* [Work request]: The required output is the exact run of lines below that opens at the line with "Now just separate" and closes at the line with "Sorry if this".

* [Dataset excerpts]:
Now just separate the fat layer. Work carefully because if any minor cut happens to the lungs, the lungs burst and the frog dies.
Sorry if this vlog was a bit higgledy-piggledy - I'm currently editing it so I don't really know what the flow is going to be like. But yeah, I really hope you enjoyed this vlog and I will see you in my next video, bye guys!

* * *

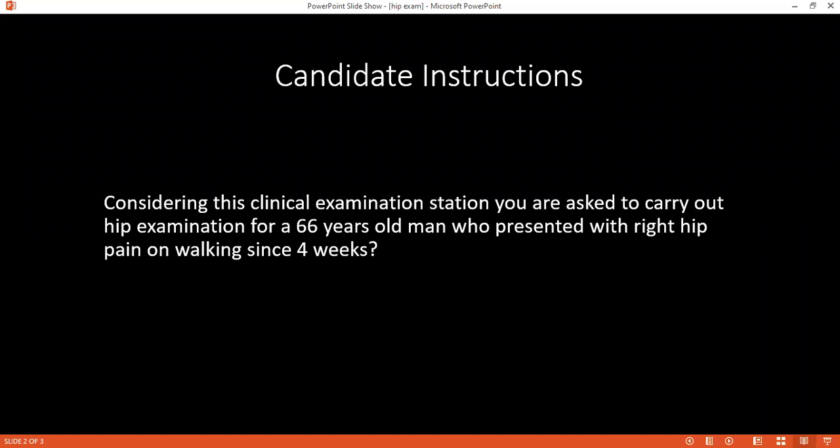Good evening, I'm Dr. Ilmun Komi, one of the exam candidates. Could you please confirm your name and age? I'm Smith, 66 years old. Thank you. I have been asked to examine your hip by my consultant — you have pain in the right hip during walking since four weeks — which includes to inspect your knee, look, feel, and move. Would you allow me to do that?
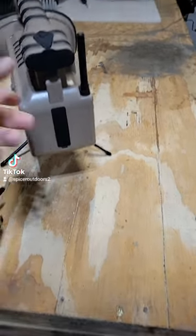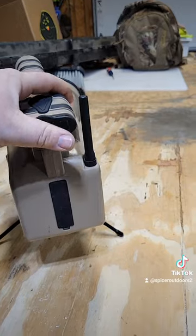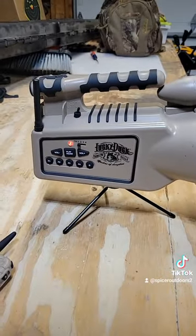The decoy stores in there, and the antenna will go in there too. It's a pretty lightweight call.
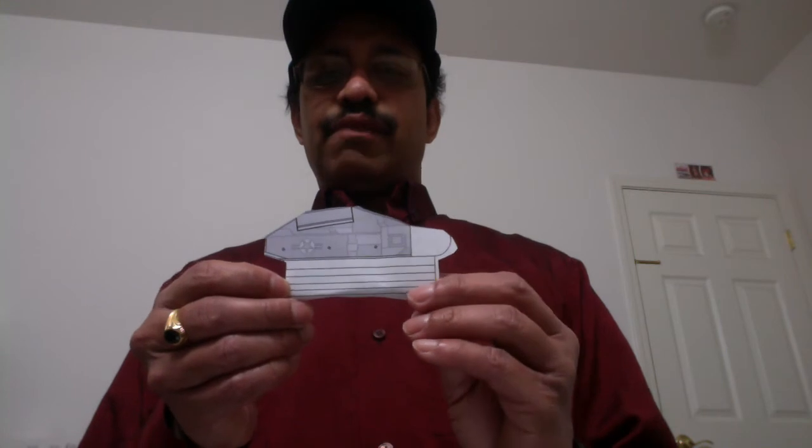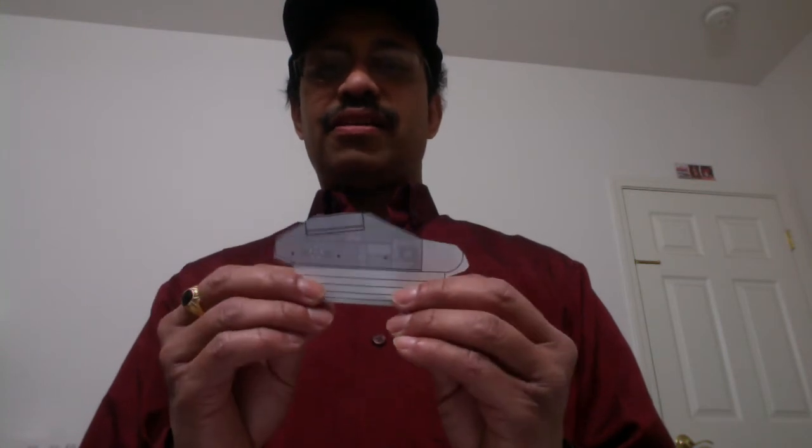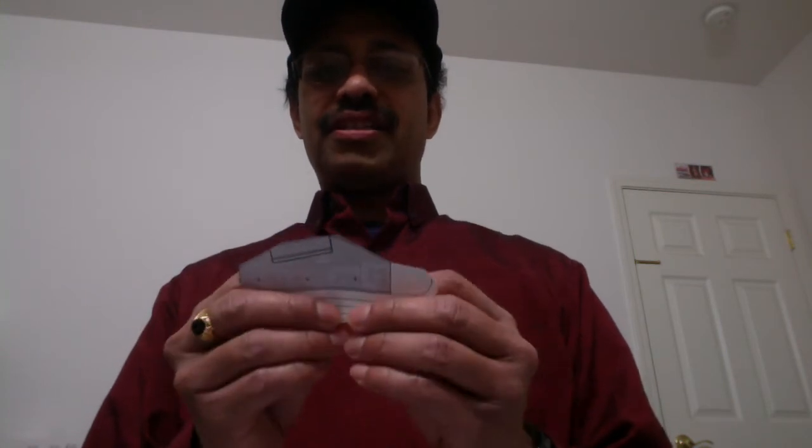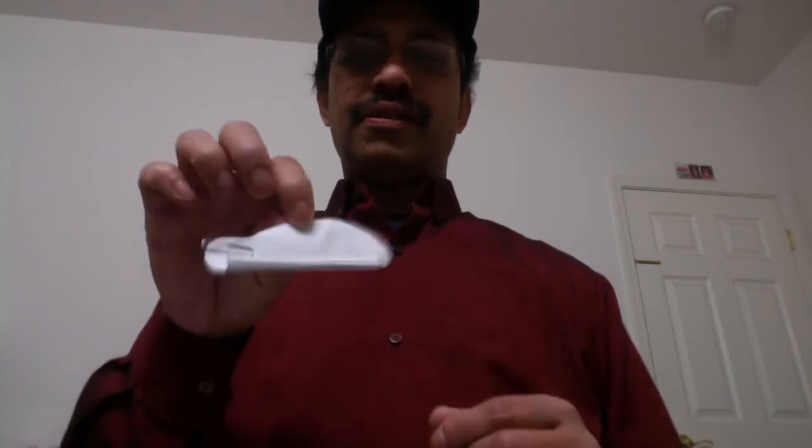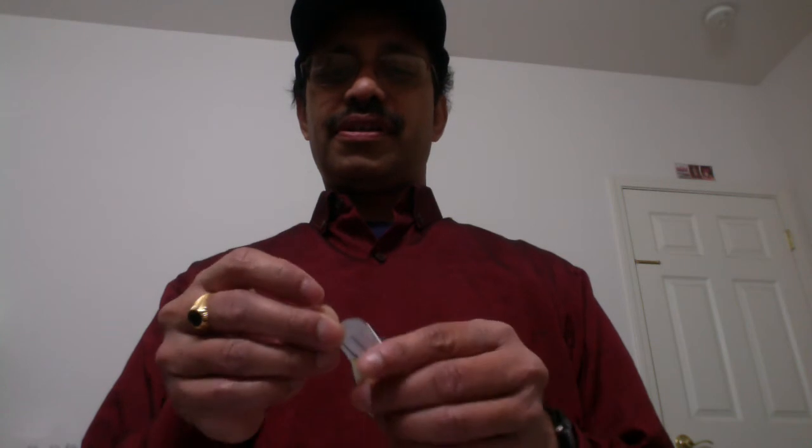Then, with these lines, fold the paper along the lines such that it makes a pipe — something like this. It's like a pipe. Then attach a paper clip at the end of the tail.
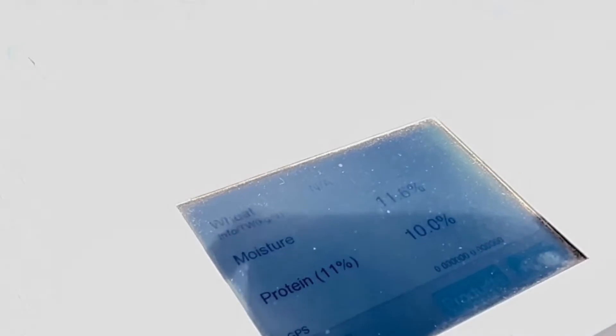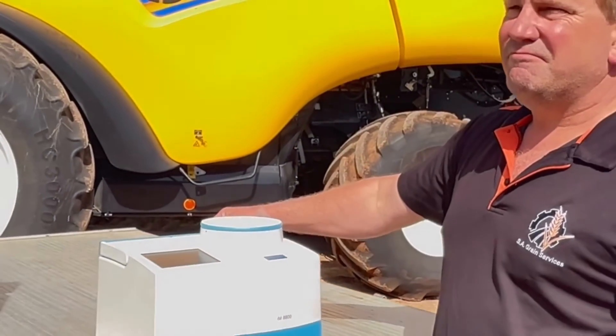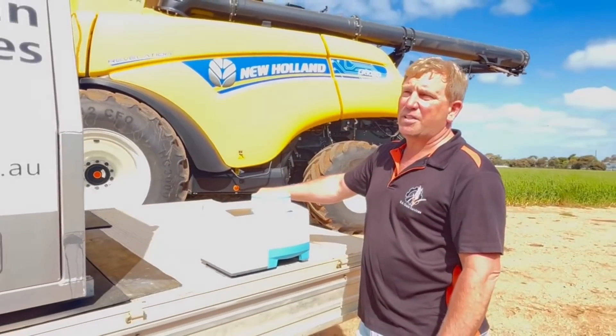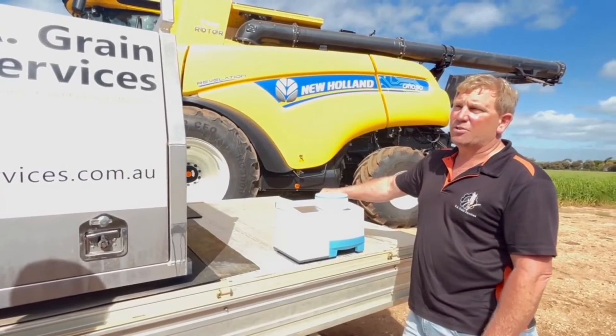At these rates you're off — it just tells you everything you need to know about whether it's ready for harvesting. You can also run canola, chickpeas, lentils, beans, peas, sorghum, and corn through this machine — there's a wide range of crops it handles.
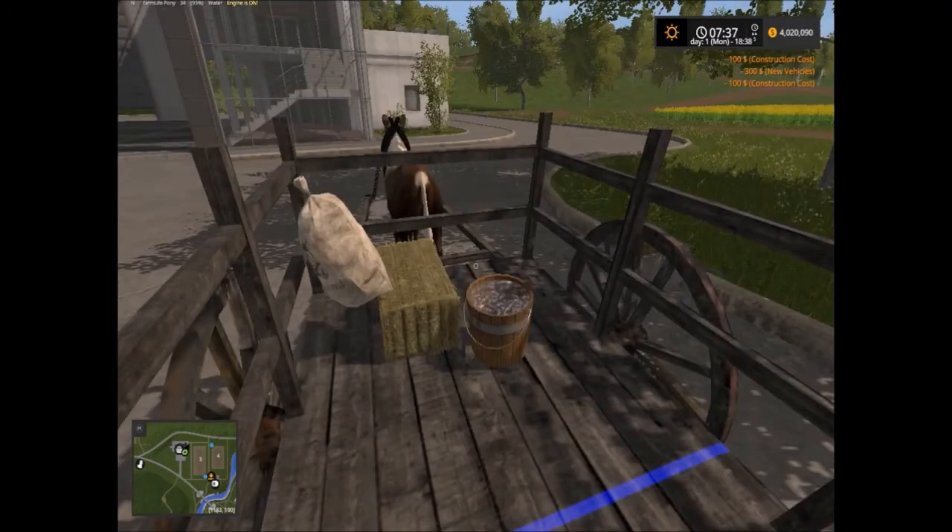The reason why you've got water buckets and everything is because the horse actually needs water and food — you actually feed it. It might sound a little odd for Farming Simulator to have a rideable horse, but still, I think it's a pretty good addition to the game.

* [Expected answer]:
Now just separate the fat layer. Work carefully because if any minor cut happens to the lungs, the lungs burst and the frog dies.
Sorry if this vlog was a bit higgledy-piggledy - I'm currently editing it so I don't really know what the flow is going to be like. But yeah, I really hope you enjoyed this vlog and I will see you in my next video, bye guys!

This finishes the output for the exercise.